What happens when your real job gets in the way of farming your summers away? You find a way to farm where you are. And that’s just what Anna and Jesse, a young local couple in the Twin Cities, are doing with a new urban farming venture this summer.

Look at those smiles!

The couple caught my attention because they are farming with the sole purpose of giving all the food to a local food shelf! So, I decided to tag along and lend my mini-muscles to the ‘groundbreaking’ of their newly acquired plot. It’s right off Marshall and Snelling, nestled up to a parking lot.

My Urban Farming Experience

It was fun, hard work. And I couldn’t stop smiling afterwards.
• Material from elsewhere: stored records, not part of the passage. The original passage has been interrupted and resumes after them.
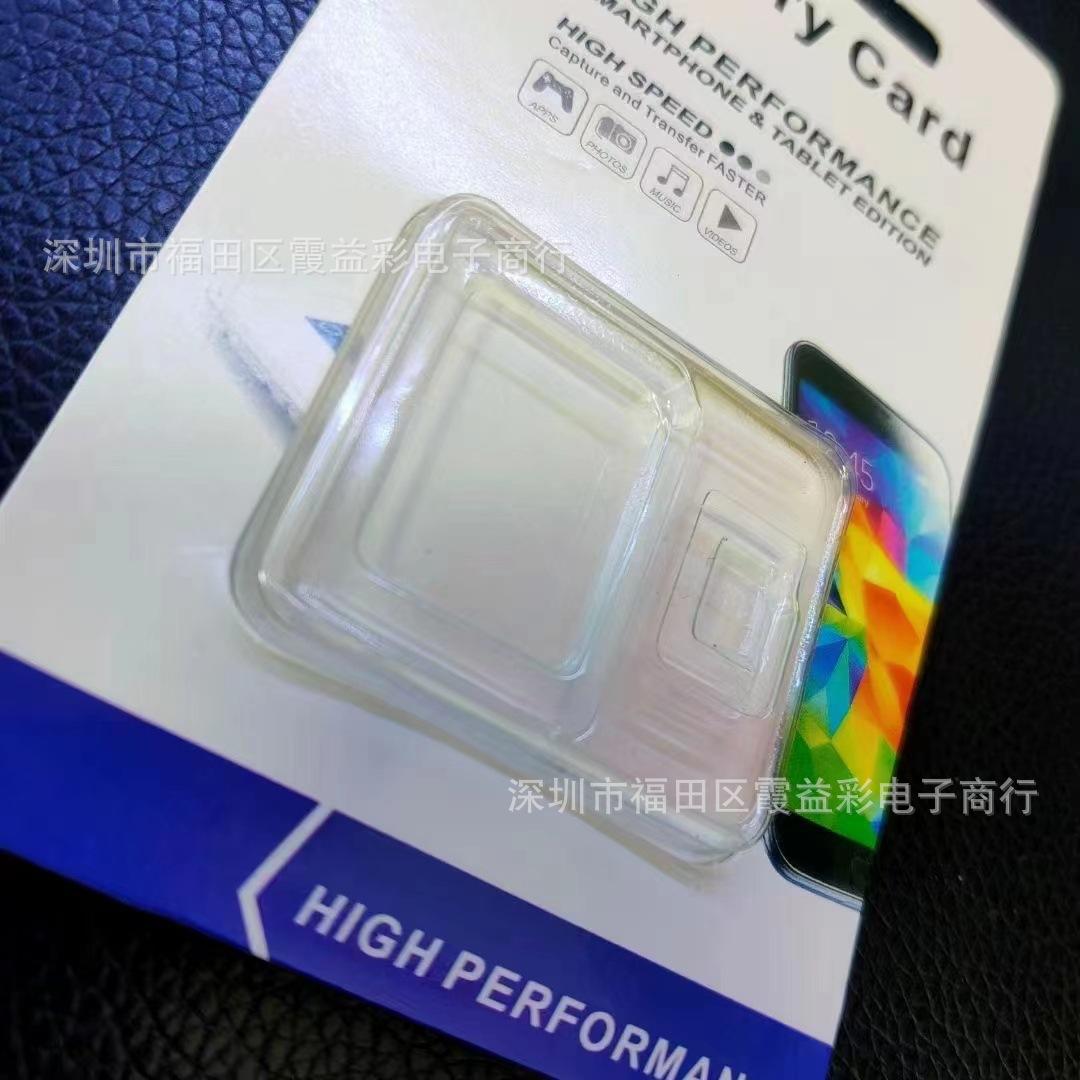 微信图片_20221128182311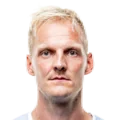 Andreas Oggesen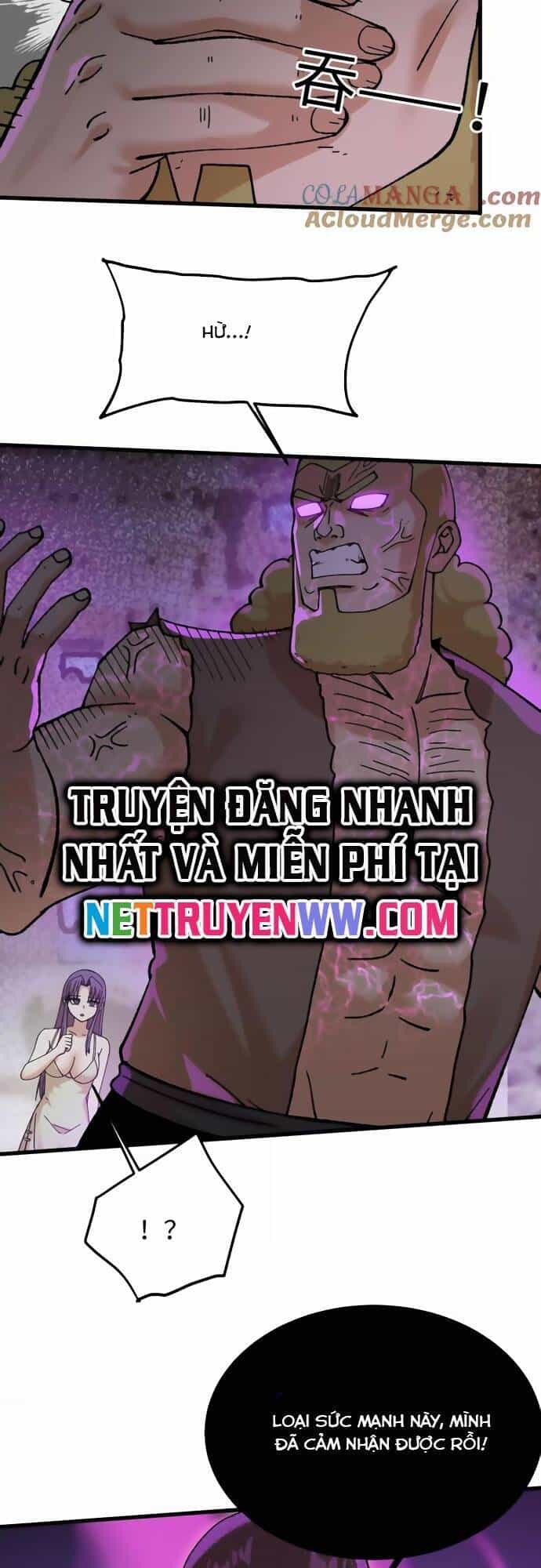 Vật Lý Tu Tiên Hai Vạn Năm - Chương 31 - ảnh 54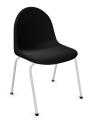 Amigo_RAL 9006 White Aluminium AL, ALU.png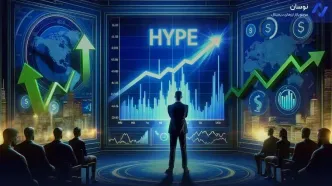 پیش‌بینی قیمت هایپرلیکوئید (HYPE): سیگنال‌های صعودی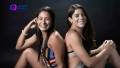 OLÍMPICOS Alejandra Orozco y Gabriela Agúndez están en la final de clavados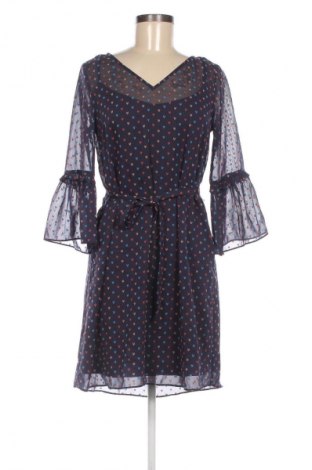 Ruha Esprit, Méret S, Szín Sokszínű, Ár 3 199 Ft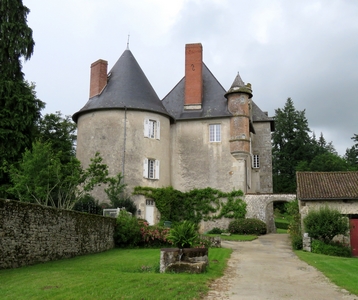 Eyjeaux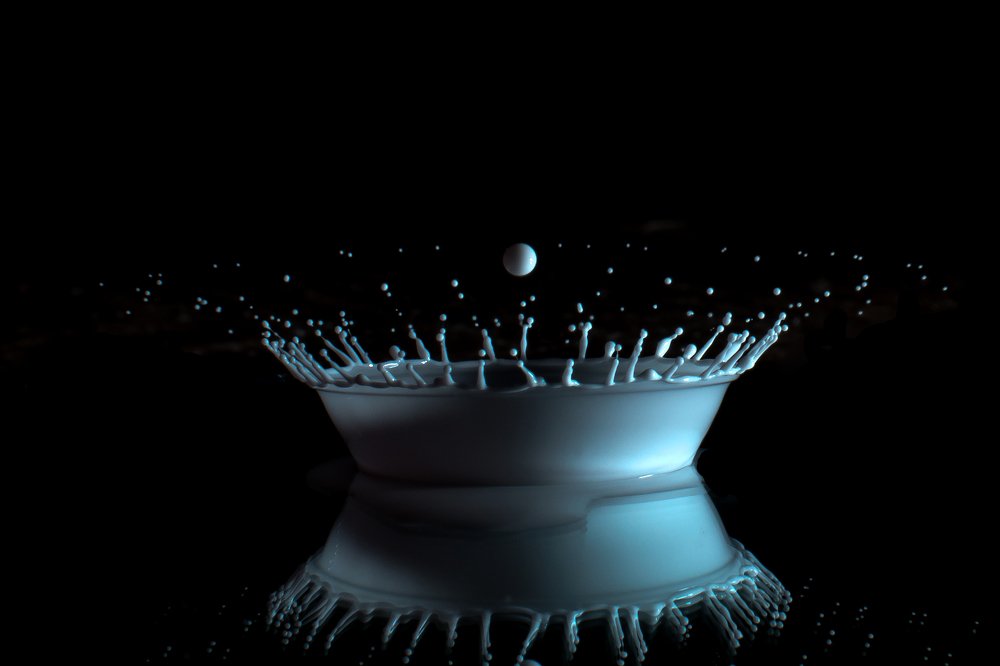 Photograph by Алексей Козлов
Five of us prepped about 250 feet of beds for an early crop of green onions. Next, they’ll be followed by collard greens. The other plot will grow radishes, turnips, carrots, baby bok choy, and tomatoes. Any remaining holes will be filled with lettuce.

Getting Started

These two have a passion for growing food, and have been figuring out how to lend that passion to serve the community. In the spring of 2016, when a call was put out to the Woodland Hills Church community for help planting a garden, the couple answered. During its first season, these two helped build six raised bed gardens outside of the church with the purpose of adding fresh produce to the Merrick Services food shelf housed within the church’s walls.

The gardens produced a small but impactful amount of food that was donated last growing season. “Since we enjoy growing food at a scale that far exceeds what we can consume ourselves, we ended up donating produce from our personal gardens as well. In continued response to what we feel is a calling, we decided to challenge ourselves to dedicate all this year’s growing power and space to produce food for Merrick,” says Anna. Turns out, that’s a lot of growing power!

Digging in, by hand, with big hearts.